Cuando llegó la hora, el diplomático le hizo un pequeño gesto, señalándole el reloj. Abrazó y besó a Guarina y Leslie, y siguió a Francisco Rainieri, por la puerta de servicio, hasta la calle. Segundos después, un pequeño vehículo con las luces bajas, frenó delante de ellos.
– Adiós y buena suerte -lo despidió Rainieri, dándole la mano-. No te preocupes por tu familia. Nada le faltará.
Imbert entró al vehículo y se sentó junto al chofer.
Era un hombre joven, con camisa y corbata, pero sin chaqueta. En impecable español, aunque con música italiana, se presentó:
– Me llamo Cavaglieri y soy funcionario de la embajada italiana. Mi mujer y yo haremos lo posible para que su estancia en nuestro apartamento sea lo más grata. No se preocupe, en mi casa no habrá testigos indiscretos. Vivimos solos. No tenemos cocinera ni sirvientes. A mi mujer le encantan las labores domésticas. Y a los dos nos gusta cocinar.

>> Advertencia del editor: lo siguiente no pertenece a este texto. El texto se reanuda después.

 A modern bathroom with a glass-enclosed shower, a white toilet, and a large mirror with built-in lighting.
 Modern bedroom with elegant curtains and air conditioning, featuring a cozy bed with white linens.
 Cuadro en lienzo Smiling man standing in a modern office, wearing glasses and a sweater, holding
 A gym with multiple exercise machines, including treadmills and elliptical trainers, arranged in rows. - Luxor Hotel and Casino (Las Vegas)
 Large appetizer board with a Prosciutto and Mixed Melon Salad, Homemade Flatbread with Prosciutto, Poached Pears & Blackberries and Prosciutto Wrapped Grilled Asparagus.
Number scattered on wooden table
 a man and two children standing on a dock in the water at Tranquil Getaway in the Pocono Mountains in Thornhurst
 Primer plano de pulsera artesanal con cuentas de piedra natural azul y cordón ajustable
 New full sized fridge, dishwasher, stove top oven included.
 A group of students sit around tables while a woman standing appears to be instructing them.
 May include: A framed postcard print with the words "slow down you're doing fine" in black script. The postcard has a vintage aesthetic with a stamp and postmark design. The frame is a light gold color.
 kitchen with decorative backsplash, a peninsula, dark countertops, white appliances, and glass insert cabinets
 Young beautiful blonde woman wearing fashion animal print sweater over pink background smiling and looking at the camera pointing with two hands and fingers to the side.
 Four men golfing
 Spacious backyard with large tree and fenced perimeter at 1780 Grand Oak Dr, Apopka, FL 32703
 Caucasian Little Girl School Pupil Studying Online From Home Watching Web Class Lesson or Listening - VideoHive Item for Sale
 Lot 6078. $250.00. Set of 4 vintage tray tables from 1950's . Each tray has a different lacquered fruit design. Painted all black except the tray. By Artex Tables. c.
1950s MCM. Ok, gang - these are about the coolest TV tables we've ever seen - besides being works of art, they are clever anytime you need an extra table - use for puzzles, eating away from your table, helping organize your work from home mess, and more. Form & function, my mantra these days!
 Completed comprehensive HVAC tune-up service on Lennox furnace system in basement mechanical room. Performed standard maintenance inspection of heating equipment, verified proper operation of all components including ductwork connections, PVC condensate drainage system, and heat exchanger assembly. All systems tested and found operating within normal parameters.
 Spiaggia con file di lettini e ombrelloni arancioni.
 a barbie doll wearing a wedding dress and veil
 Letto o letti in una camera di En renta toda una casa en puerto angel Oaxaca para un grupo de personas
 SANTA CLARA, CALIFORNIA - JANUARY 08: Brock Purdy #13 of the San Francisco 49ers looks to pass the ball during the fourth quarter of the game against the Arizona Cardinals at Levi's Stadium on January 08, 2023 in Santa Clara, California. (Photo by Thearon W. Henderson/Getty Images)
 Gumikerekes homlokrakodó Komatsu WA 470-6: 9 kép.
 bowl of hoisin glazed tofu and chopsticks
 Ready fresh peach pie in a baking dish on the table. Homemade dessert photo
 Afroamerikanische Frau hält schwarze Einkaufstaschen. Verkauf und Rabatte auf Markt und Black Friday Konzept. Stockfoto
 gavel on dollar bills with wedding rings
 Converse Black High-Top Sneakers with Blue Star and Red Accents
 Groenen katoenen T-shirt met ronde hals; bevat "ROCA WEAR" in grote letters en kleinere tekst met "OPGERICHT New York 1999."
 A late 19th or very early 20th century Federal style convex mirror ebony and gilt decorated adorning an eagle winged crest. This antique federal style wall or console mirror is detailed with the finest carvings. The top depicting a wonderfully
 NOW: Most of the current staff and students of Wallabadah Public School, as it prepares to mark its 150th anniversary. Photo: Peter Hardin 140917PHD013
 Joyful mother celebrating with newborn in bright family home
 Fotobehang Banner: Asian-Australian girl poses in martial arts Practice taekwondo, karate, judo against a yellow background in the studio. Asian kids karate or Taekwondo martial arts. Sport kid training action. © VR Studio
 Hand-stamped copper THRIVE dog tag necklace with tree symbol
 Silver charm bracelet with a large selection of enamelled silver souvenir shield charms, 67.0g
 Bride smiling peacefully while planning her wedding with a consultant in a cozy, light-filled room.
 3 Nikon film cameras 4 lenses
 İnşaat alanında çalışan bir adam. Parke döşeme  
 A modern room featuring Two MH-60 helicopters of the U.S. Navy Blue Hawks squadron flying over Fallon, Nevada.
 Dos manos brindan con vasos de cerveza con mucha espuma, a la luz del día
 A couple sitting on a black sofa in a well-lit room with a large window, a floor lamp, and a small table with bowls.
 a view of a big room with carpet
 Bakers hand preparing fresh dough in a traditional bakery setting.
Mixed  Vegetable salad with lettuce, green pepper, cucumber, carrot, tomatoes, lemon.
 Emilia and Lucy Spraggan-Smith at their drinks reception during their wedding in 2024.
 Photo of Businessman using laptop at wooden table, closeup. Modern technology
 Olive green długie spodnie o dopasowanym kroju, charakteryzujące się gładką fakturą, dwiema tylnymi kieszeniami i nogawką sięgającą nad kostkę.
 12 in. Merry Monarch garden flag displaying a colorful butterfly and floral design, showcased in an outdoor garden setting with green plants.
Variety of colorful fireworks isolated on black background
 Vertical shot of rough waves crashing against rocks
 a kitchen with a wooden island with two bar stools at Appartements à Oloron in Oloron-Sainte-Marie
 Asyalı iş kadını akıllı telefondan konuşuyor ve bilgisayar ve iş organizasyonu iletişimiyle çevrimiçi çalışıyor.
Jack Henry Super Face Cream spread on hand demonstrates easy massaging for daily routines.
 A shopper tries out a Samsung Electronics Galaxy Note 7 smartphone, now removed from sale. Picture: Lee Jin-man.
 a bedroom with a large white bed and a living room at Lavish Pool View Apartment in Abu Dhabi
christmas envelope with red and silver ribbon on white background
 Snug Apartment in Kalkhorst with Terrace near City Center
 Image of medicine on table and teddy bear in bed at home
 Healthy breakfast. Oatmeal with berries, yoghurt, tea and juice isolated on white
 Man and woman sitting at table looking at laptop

Se rió y Antonio Imbert imaginó que la cortesía le mandaba intentar una risita. La pareja vivía en el último piso de un nuevo edificio, no lejos de la calle Mahatma Gandhi y de la casa de Salvador Estrella Sadhalá. La señora Cavaglieri era aún más joven que su marido -una muchacha delgada, de ojos almendrados y cabellos negros- y lo recibió con una cortesía despercudida y risueña, como a un viejo amigo de familia que viene a pasar un fin de semana. No mostraba la menor aprensión por alojar en su casa a un desconocido, asesino del amo supremo del país, al que miles de guardias y policías buscaban con codicia y odio. En los seis meses y tres días que vivió con ellos, nunca, ni una sola vez, ninguno de los dueños de casa le hizo sentir -y eso que era susceptible, y su situación lo predisponía a ver fantasmas- que su presencia allí incomodaba en lo más mínimo. ¿Sabía la pareja que se jugaba la vida? Desde luego. Escucharon y vieron en la televisión, los relatos pormenorizados del pánico que provocaban esos apestados asesinos a los dominicanos, y cómo, muchos de ellos, no contentos con negarles un refugio, se apresuraban a denunciarlos. Vieron caer, el primero, al ingeniero Huáscar Tejeda, expulsado de manera innoble de la iglesia del Santo Cura de Ars por el aterrorizado párroco, quien lo echó en brazos del SIM. Siguieron, al detalle, la odisea del general Juan Tomás Díaz y Antonio de la Maza, recorriendo en un carro del servicio público las calles de Ciudad Trujillo y siendo denunciados por las personas a las que acudieron en busca de ayuda. Y vieron cómo se llevaron los caliés a la pobre anciana que dio asilo a Amadito García Guerrero, después de matar a éste, y cómo las turbas desmantelaban y desaparecían su casa. Pero esas escenas y relatos no intimidaron a los Cavaglieri ni entibiaron la cordialidad con que lo trataban.
Desde el regreso de Ramfis, Imbert y los dueños de casa supieron que su encierro sería de larga duración. Los abrazos públicos entre el hijo de Trujillo y el general José René Román eran elocuentes: éste había traicionado y no habría levantamiento militar. Desde su pequeño universo, en el pentbouse de los Cavaglieri, vio a las muchedumbres haciendo cola, horas de horas, para rendir homenaje a Trujillo) y se vio, en la pantalla de televisión, retratado junto a Luis Amiama (a quien no conocía) bajo anuncios que ofrecían primero cien Mil, luego doscientos mil y, por fin, medio millón de pesos a quien delatara su paradero.